A fan told Rod Steiger he wanted to be an actor. Steiger told him he never helped anyone who wanted to be an actor, but he would help anyone who had to be an actor.

What we have to do with our lives is imperative, and if we do not dedicate our lives to achieving what we have to do, it will haunt our lives. I’ve known many people who felt they had to act but would not try; they hang around theatres looking very sad and distraught.??When I was eleven years old, I knew I had to write. Becoming a writer was something that did not resonate with me because at eleven I was unaware that people got money for writing. All I knew was that I had to put words on paper every day and tell stories.

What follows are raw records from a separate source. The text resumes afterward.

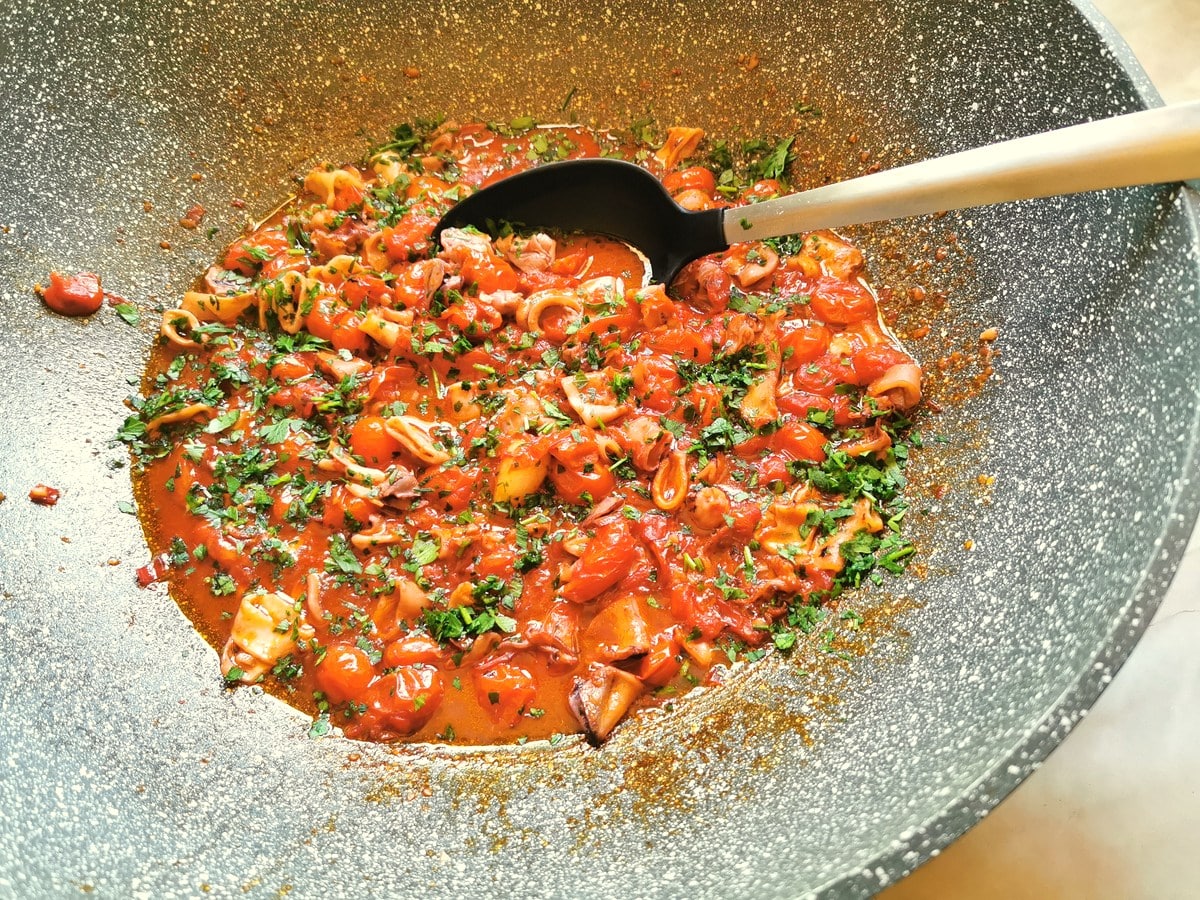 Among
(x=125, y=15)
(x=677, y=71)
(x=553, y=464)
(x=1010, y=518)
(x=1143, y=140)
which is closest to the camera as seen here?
(x=1143, y=140)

So I wrote letters to everyone: my aunts and uncles, my grandmother, my mother, my teachers, the milkman, my friends–anyone within my world. I wish I had known then about letters-to-the-editor; they would have really gotten sick of me.?The need to write continued through my teen years, especially in English classes where I wore out at least four teachers with my incessant pursuit of the best sentences, paragraphs and story lines. Grammar and spelling meant nothing to me because they took away  from the joy of putting words on paper. Of course, I eventually learned that grammar and spelling were part of the writer’s journey and became a rapt student. In the end I became a high school English teacher.

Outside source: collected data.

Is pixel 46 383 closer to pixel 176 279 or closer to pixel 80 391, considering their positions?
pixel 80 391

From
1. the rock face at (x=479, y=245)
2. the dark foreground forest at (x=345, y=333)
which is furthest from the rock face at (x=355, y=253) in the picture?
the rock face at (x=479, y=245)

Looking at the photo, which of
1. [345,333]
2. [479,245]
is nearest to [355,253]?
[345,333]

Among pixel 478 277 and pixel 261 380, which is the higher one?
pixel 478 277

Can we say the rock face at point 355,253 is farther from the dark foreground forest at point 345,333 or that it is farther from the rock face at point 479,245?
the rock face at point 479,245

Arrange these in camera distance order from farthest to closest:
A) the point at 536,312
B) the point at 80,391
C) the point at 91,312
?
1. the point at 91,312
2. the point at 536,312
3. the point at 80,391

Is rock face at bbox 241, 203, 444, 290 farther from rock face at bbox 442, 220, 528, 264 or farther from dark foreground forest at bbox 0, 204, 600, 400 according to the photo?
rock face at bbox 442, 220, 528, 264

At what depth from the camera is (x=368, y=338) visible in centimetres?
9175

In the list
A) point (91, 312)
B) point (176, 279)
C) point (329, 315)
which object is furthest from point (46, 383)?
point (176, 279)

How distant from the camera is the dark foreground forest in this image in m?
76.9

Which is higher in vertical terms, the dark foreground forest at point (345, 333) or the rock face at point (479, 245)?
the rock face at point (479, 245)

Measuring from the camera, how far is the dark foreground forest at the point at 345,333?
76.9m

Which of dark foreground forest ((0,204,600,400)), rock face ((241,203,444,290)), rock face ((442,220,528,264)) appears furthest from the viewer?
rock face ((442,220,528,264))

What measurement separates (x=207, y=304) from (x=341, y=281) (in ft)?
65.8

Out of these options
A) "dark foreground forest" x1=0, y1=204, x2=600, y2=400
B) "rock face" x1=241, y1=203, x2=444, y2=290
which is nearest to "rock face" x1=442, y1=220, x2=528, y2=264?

However, somewhere around my twenty-first year I made an unwise decision: I got married. Now marriage is wonderful. I’ve been married most of my adult life, and the woman I married at twenty-one was a marvelous person. But I didn’t love her. In a year we were parents of a  girl, and there followed in rapid succession three more (two are twins), all girls. So, who can write with four kids, a wife you don’t love and responsibility up the gazazz??I tried to write, but I never completed anything I considered worthy. I didn’t define worthy. I just knew my stuff wasn’t. Of course, I blamed my responsibility of being a husband, a father and a wage earner, which I was not good at. Much later–after a divorce, remarriage, being caregiver to my dying second wife, going through two life-threatening illnesses ,that the reason I didn’t write was because I had not practiced enough. All those past years I concentrated on blaming others for my failure to write and stopped practicing. That’s right, practicing. Writing, editing, re-writing, editing, re-writing, etc., etc. That’s the drill if anything acceptable is created.

Perhaps we are born with a penchant for something, maybe even a talent, but we are not born knowing how to develop it. We gotta practice to become a master. We have to write seven days a week. Doesn’t matter much what we write, but it’s important every day.

Now I’m not talking about writing without paying attention to the craft. It’s like Michael Jordan tossing free throw after free throw when he was the top-rated basketball star in the world. Someone asked him why he did it, surely he must be a master now. “That’s why I’m a master,” he is supposed to have said. Writers have to pay attention to the fine points of the craft–grammar, spelling and such. Then, and maybe most important, concentrate on how your sentences are going together, how the paragraphs are turning out, does the writing flow. ?Mark Twain once said that the secret to writing was to pick a worthy subject, stick to the subject and say what you have to say in as few words as possible. During our practice each day, we must be conscious of words and how they affect us. That’s right, affect us. Our personal relationship with words is critical to our success as writers because when we understand at the personal level, we have a pretty good idea of how words affect other people.

S.I. Hayakawa, the great semanticist who later became a senator from California, said that words effect people based on their personal history with a word. In his book Language in Thought and Action published in 1949, he discusses how a word can relate to a person based on the history of that word in an individual’s life. He told a story of his working in a poor section of Los Angeles teaching street kids English. During his discussion one day he equated God to the father. A lad in the group jumped up and said that if God was a father, he wanted nothing to do with Him. Hayakawa found later that the boy’s father was a monster who beat him regularly. The word father was a obsenity to the boy.

When I read that, I began a life-long study of words and their effect on people generally and on me especially. Now when I write, words are extremely important, and if I don’t write each day, I lose my ability to use words effectively.?So, my secret to writing is practice all the time in any way possible. As Michael Jordan said, practice is why he’s a master.